"""

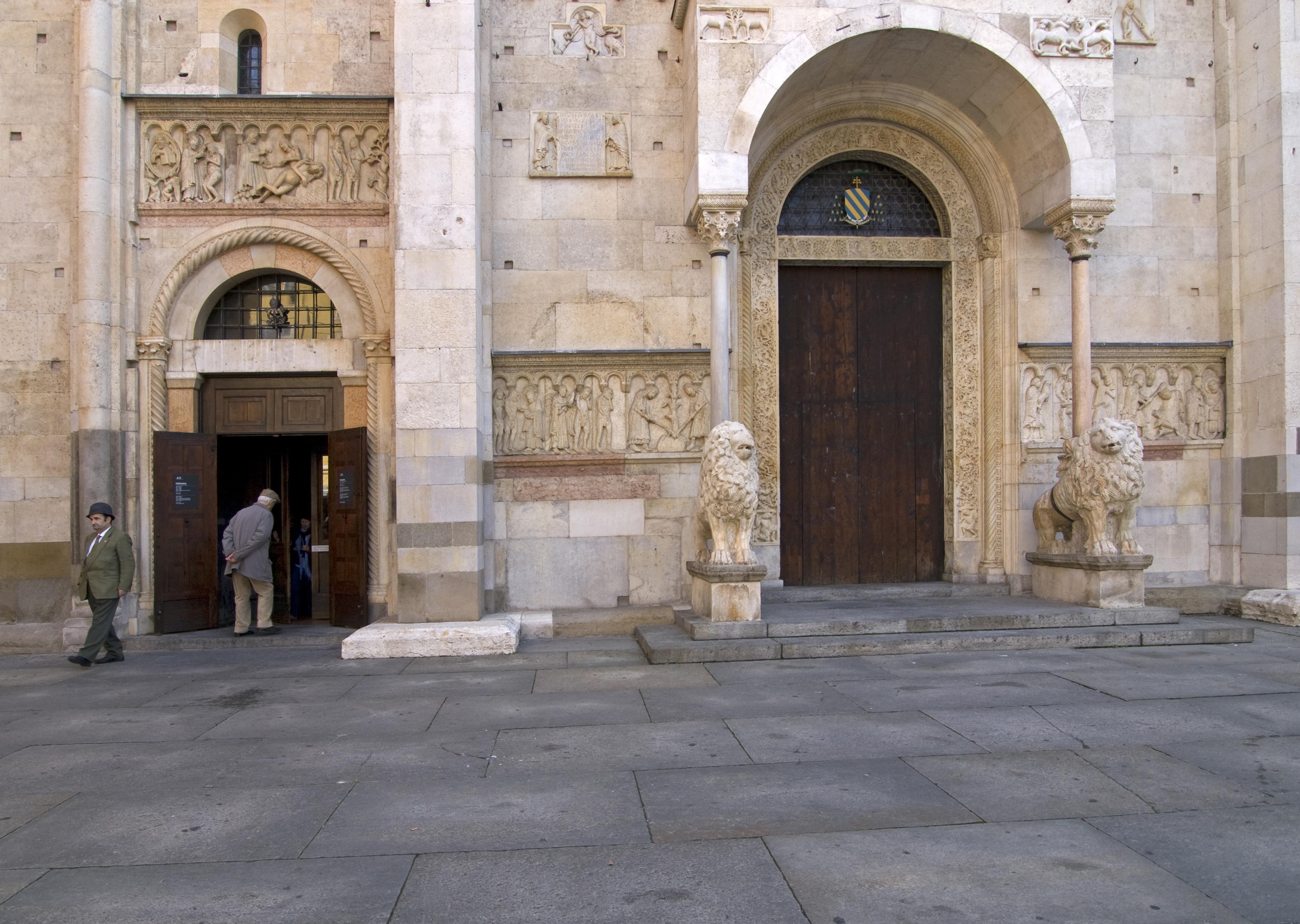 Duomo, i portali della facciata con Storie della Genesi (CREDIT: Mario Vianelli)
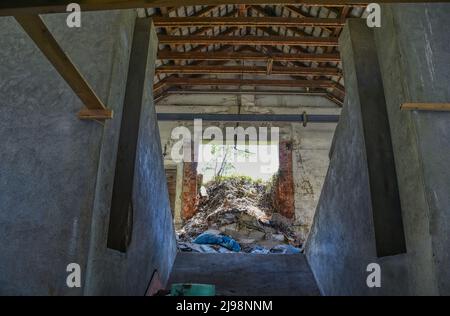 Lost Place, Halle, Lager, verlassen, aufgenommen, Tür, Fenster, Efeu, wachsen, verwildert, Schutt, Müll, Fenster, Fensterscheiben, Schmutz, Broche Stockfoto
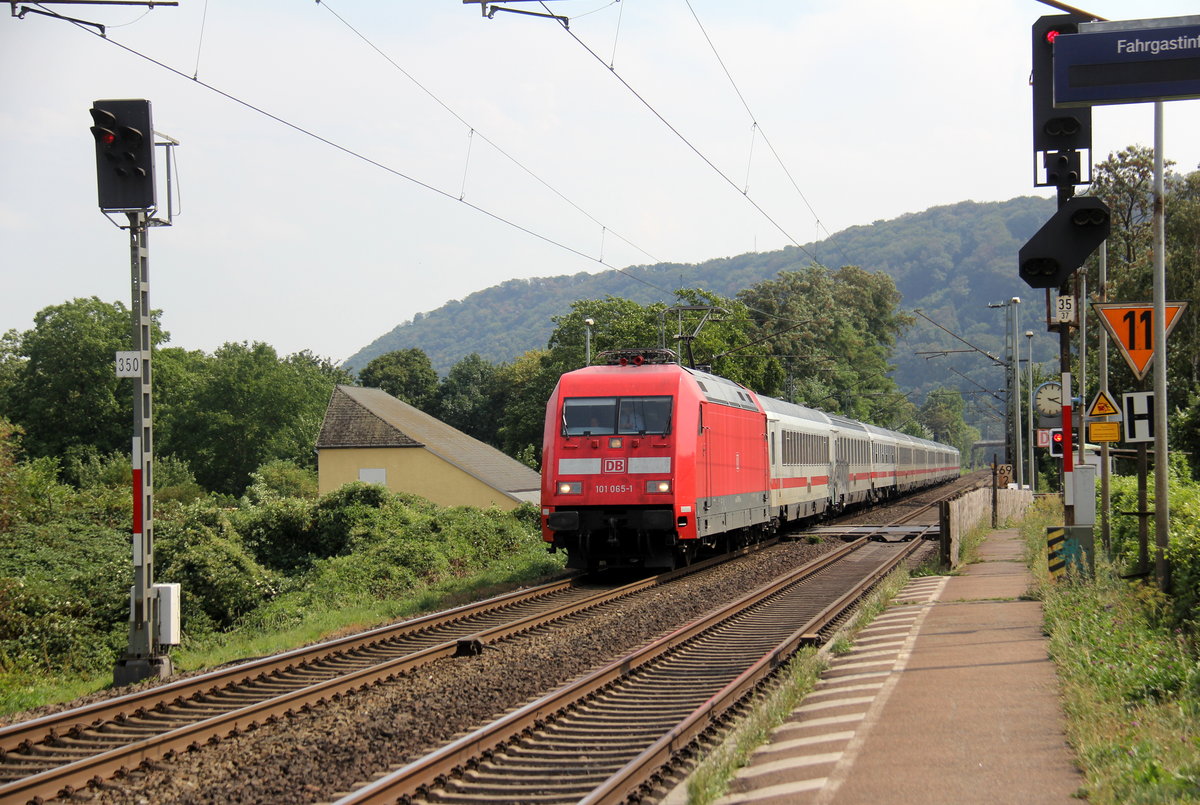 101 065-1 DB kommt mit einem IC  aus Süden nach Norden und kommt aus Richtung Koblenz und kommt durch Namedy in Richtung Bonn,Köln. 
Aufgenommen vom Bahnsteig 2 in Namedy. 
Bei Sommerwetter am Nachmittag vom 17.8.2018. 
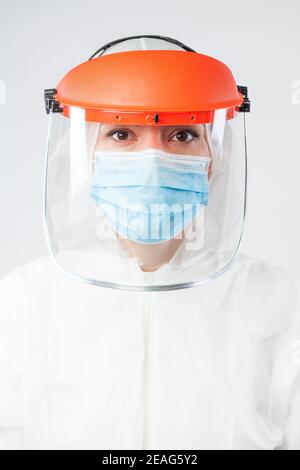 Coronavirus COVID-19-Viruserkrankung globaler Pandemieausbruch, medizinisches Personal in vollem Umfang Persönliche Schutzausrüstung Porträt, isoliert auf weißem Hintergrund Stockfoto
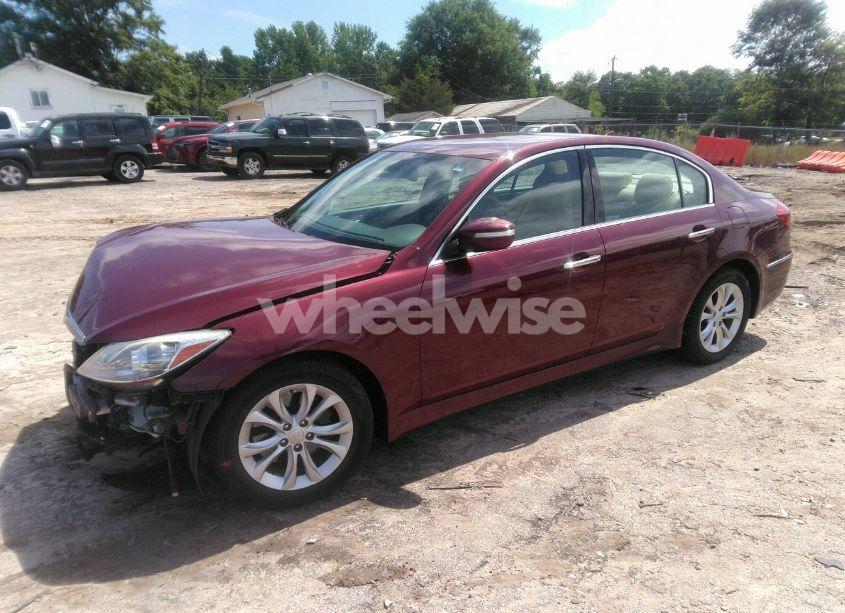 Photo 2 of 2013 Hyundai Genesis 3.8 (VIN KMHGC4DD8DU212407)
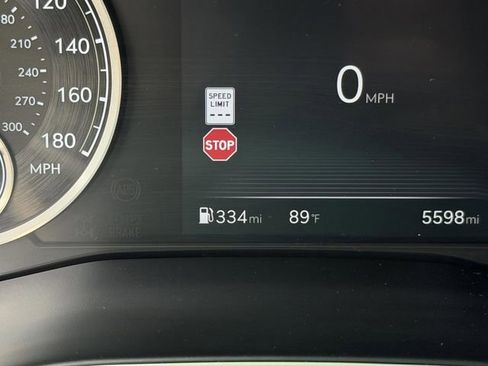 Used 2025 Genesis G70 2.5T RWD image 34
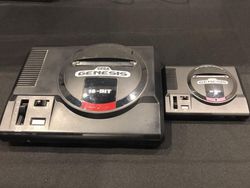 Perbandingan Genesis Mini dengan Versi Original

"""

- TASK
Every line of the data above should be returned exactly, with the pictures removed.

- SOLUTION TO THE PROBLEM
 Duomo, i portali della facciata con Storie della Genesi (CREDIT: Mario Vianelli)
 Lost Place, Halle, Lager, verlassen, aufgenommen, Tür, Fenster, Efeu, wachsen, verwildert, Schutt, Müll, Fenster, Fensterscheiben, Schmutz, Broche Stockfoto
 101 065-1 DB kommt mit einem IC  aus Süden nach Norden und kommt aus Richtung Koblenz und kommt durch Namedy in Richtung Bonn,Köln. 
Aufgenommen vom Bahnsteig 2 in Namedy. 
Bei Sommerwetter am Nachmittag vom 17.8.2018. 
 Coronavirus COVID-19-Viruserkrankung globaler Pandemieausbruch, medizinisches Personal in vollem Umfang Persönliche Schutzausrüstung Porträt, isoliert auf weißem Hintergrund Stockfoto
 Photo 2 of 2013 Hyundai Genesis 3.8 (VIN KMHGC4DD8DU212407)
 Used 2025 Genesis G70 2.5T RWD image 34
 Perbandingan Genesis Mini dengan Versi Original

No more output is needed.